Question:
Apakah cessie dan/atau subrogasi wajib dilakukan dengan akta notaris? Apa juga
yang dimaksud dengan akta? Apa pula yang menjadi perbedaan antara cessi dan
subrogasi?
Brief Answer:
Dapat dilakukan dengan akta dibawah tangan, tidak diwajibkan berbentuk akta
notariel, kecuali subrogasi yang dicetuskan oleh debitor. Meski demikian, untuk piutang dengan nominal besar, guna menghindari sengketa dikemudian hari dan demi kepastian hukum bagi debitor ketika hendak melunasi, patutlah sekiranya peralihan piutang itu dituangkan dalam bentuk akta otentik. Cessie ialah
pengalihan “hak tagih”, sementara dalam subrogasi yang terjadi ialah pengalihan
piutang. Pada prinsipnya sama, oleh karena tidak membuat suatu perbedaan apapun
pada penghujungnya.
Explanation:
Sebelumnya perlu SHIETRA & PARTNERS jelaskan perbedaan
antara istilah “akta”, “non-akta”, dan “akta dibawah tangan”. Akta notariel
tentunya telah dikenal oleh umum, yakni akta yang dibuat oleh pejabat yang
berwenang, atau oleh notaris (karena notaris itu sendiri menurut undang-undang,
merupakan seorang pejabat umum yang berwenang memakai cap lambang negara dalam dokumen yang diterbitkannya).
Sementara yang dimaksud dengan “akta” itu sendiri ialah karena sifatnya yang memang dari awal diperuntukkan sebagai alat pembuktian di pengadilan bila dikemudian hari terjadi sengketa. Sementara catatan-catatan semacam “surat cinta”, sedari awal memang bukan ditujukan untuk alat bukti di pengadilan, maka sifatnya ialah surat biasa (non-akta).

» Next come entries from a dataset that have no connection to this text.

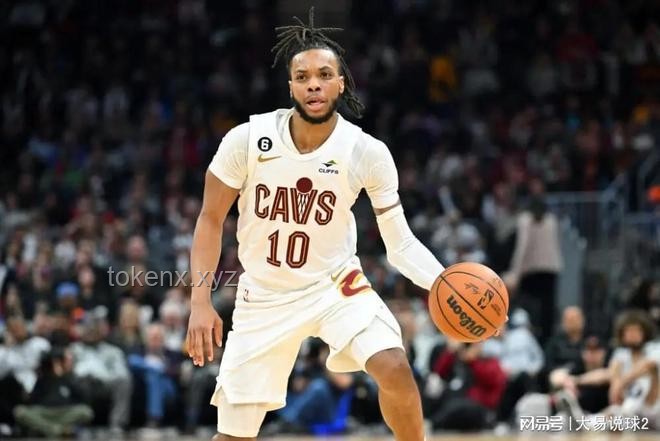 24-25赛季NBA季后赛东部决赛G5：尼克斯111:94步行者深度解析
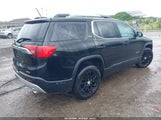 GMC Acadia Slt-1 1GKKNULS5JZ209119 снимка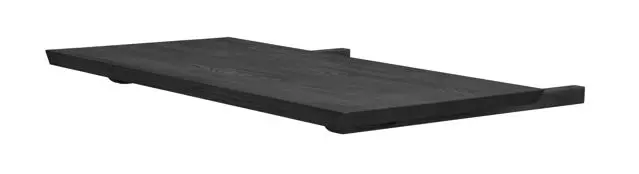 Rowico Carradale pöydän jatkopala 50cm - Image 9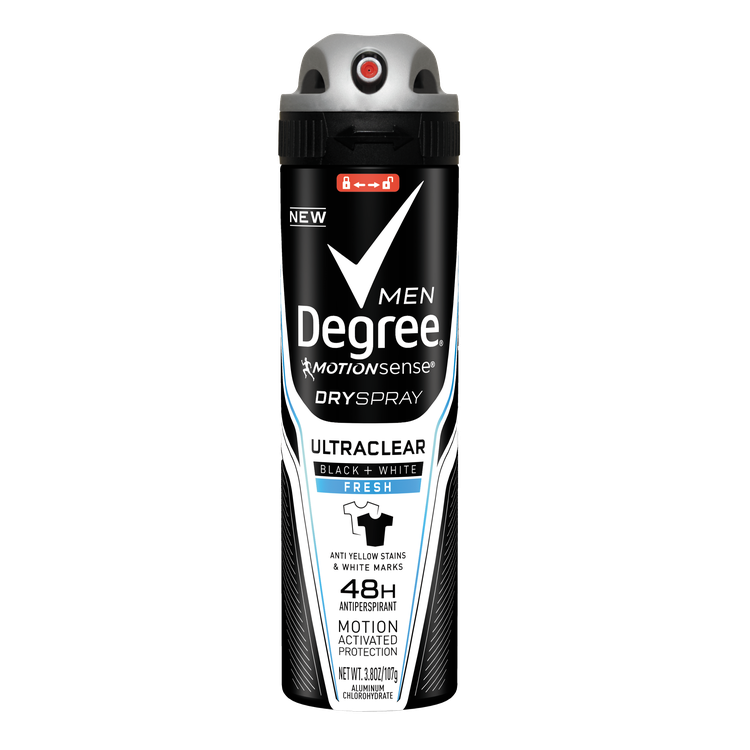 UnexpectedlyMe's tweet photo. My husband just finished using his first bottle of this, but it definitely will not be th... https://t.co/GbSAZHUyRc https://t.co/OTNm04EQg5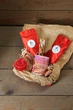 Подарочный набор "Для Учительницы" №1 – Chaban Souvenir – в День Рождения, на 8 Марта, на День Учителя, на любой праздник 1114 - изображение 4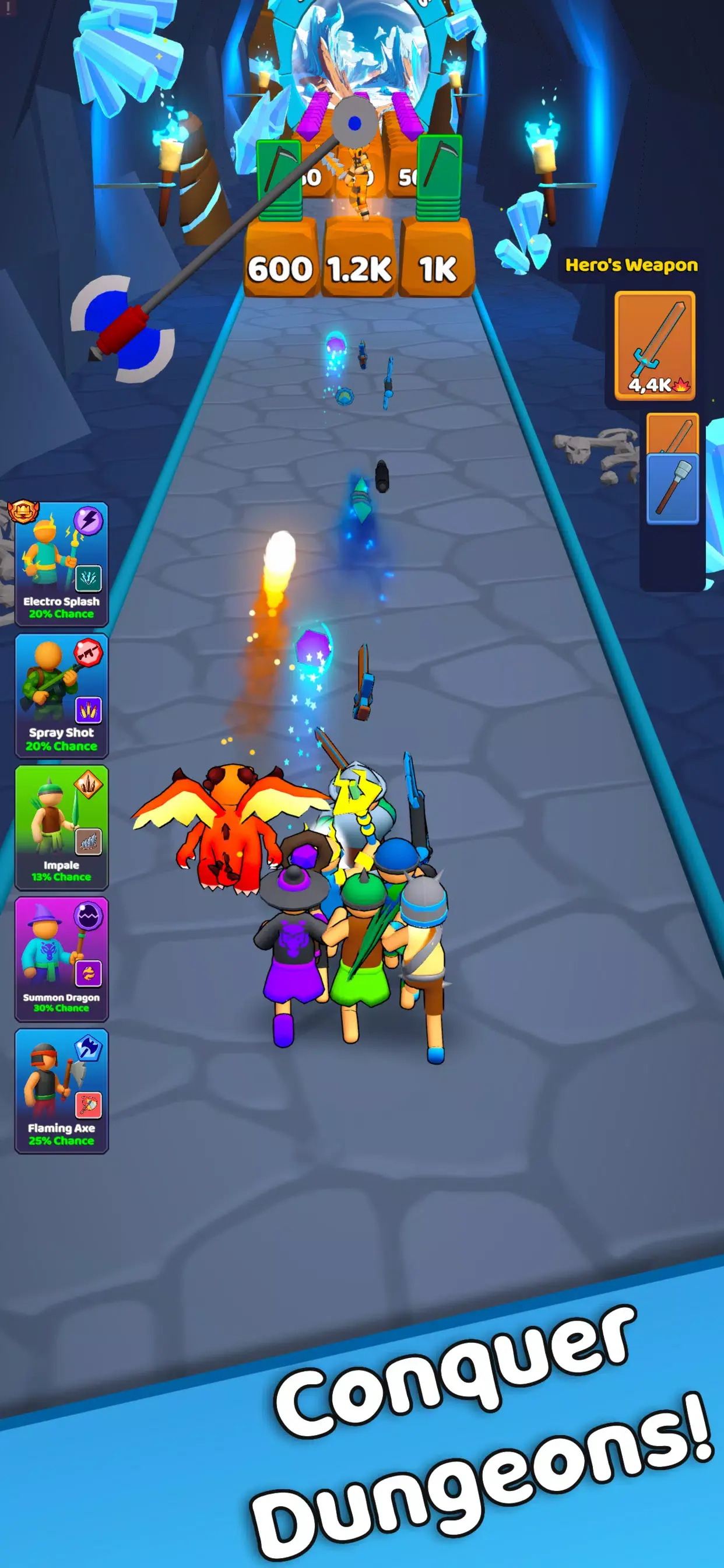 �ھ�֮�ô�����ȡ2026���°汾v1.1.6 �ٷ������ͼ1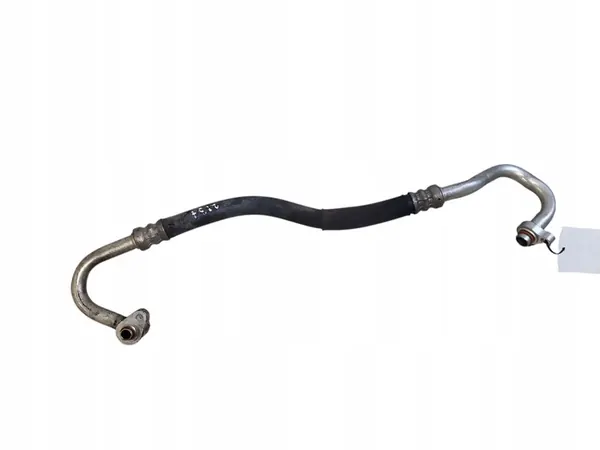 Ilmastointiputket FORD 1.6L bensiini 2009 image 4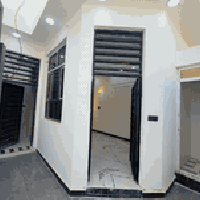 التقية الثالثة الروان • ١٠٠م • طابو زراعي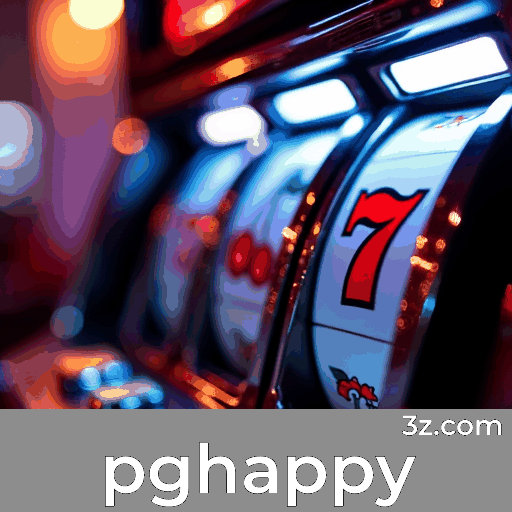 Recompensas Reais e Transparentes no pghappy: Promoções Sem Pegadinhas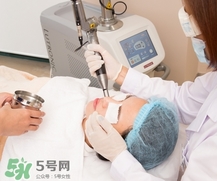 激光祛斑后吃什么才能恢復(fù)快點?激光祛斑后吃什么好?
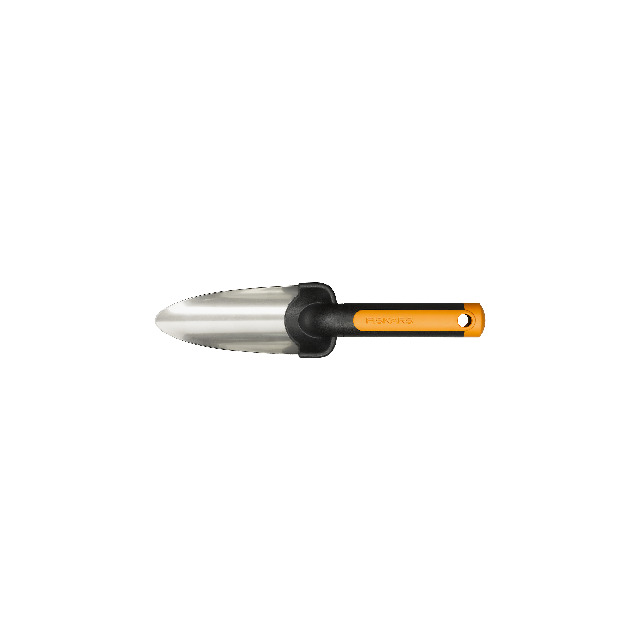 PLANTERSPADE SMAL RF STÅL SOFT GRIP | Beijerbygg Byggmaterial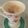صورة من Lina Abdullah، شاركها بعد تجربة وصفة كابتشينو لذيذ ☕️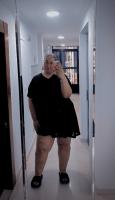 633928955: Transexual en Almería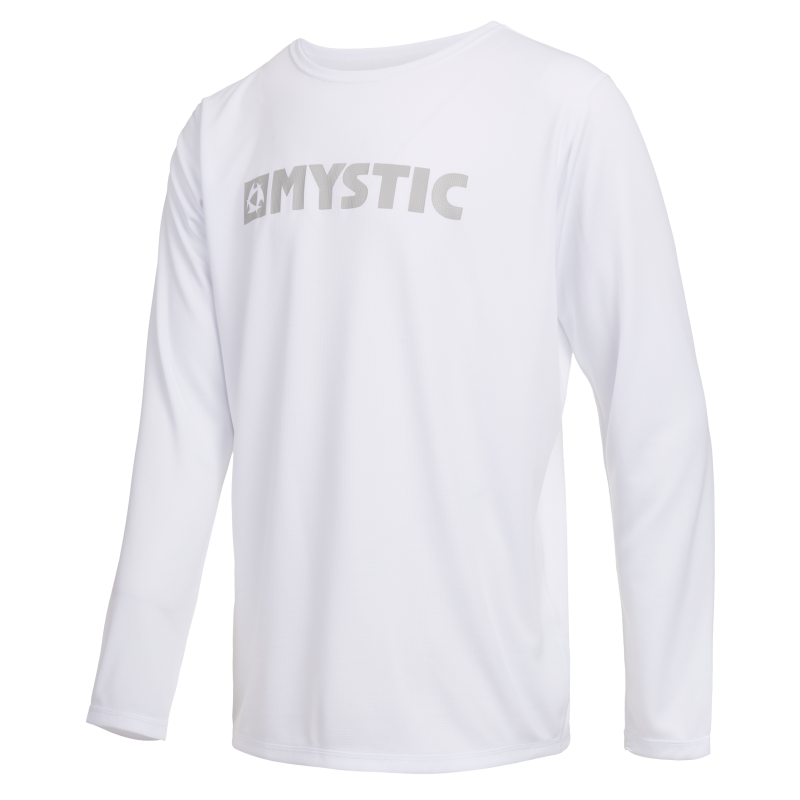 Mystic Mystic Star Longsleeve quickdry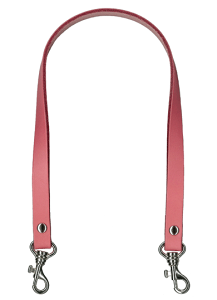 BM-3825S 肳^Cv@(񂹕i)@([։)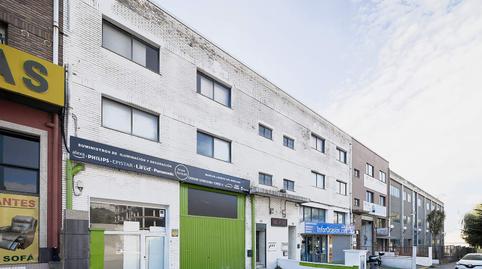 Photo 4 of Industrial buildings to rent in Ac-552, Arteixo pueblo, A Coruña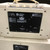 Used Vox AC4TVH W V112TV 1X12 CABINET 1 x 12 Tube Combo Amplifier 1 x 12 41125-S000042403 View 4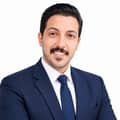 Hesham Manaa Hesham Manaa
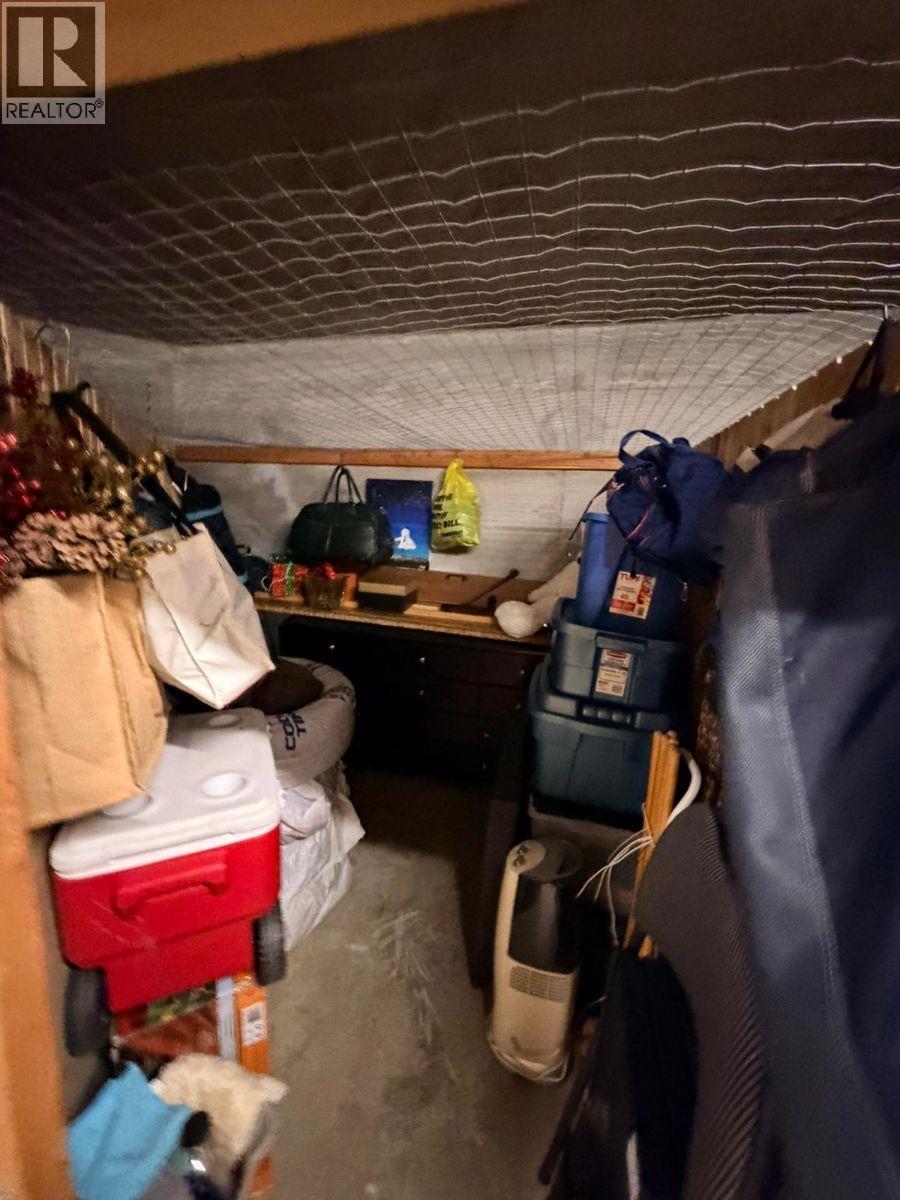 603 455 Beach Crescent, Vancouver, British Columbia  V6Z 3E5 - Photo 15 - R3104199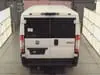 Florida Fine Cars - Used RAM PROMASTER 2023 ORLANDO 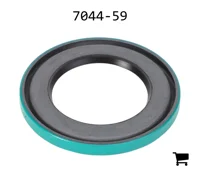 AGCO 7044-59 Уплотнение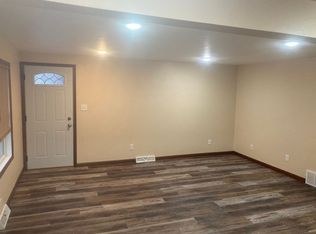 845-847 Abrams St, Green Bay, WI 54302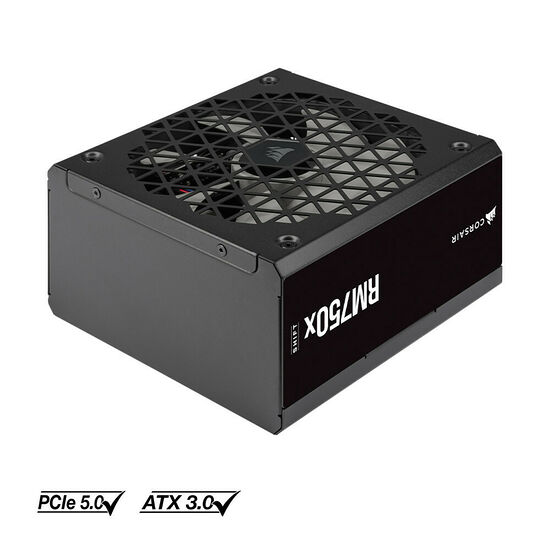 Corsair RM750x SHIFT - 750W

Sementara yang dimaksud dengan “akta” itu sendiri ialah karena sifatnya yang memang dari awal diperuntukkan sebagai alat pembuktian di pengadilan bila dikemudian hari terjadi sengketa. Sementara catatan-catatan semacam “surat cinta”, sedari awal memang bukan ditujukan untuk alat bukti di pengadilan, maka sifatnya ialah surat biasa (non-akta).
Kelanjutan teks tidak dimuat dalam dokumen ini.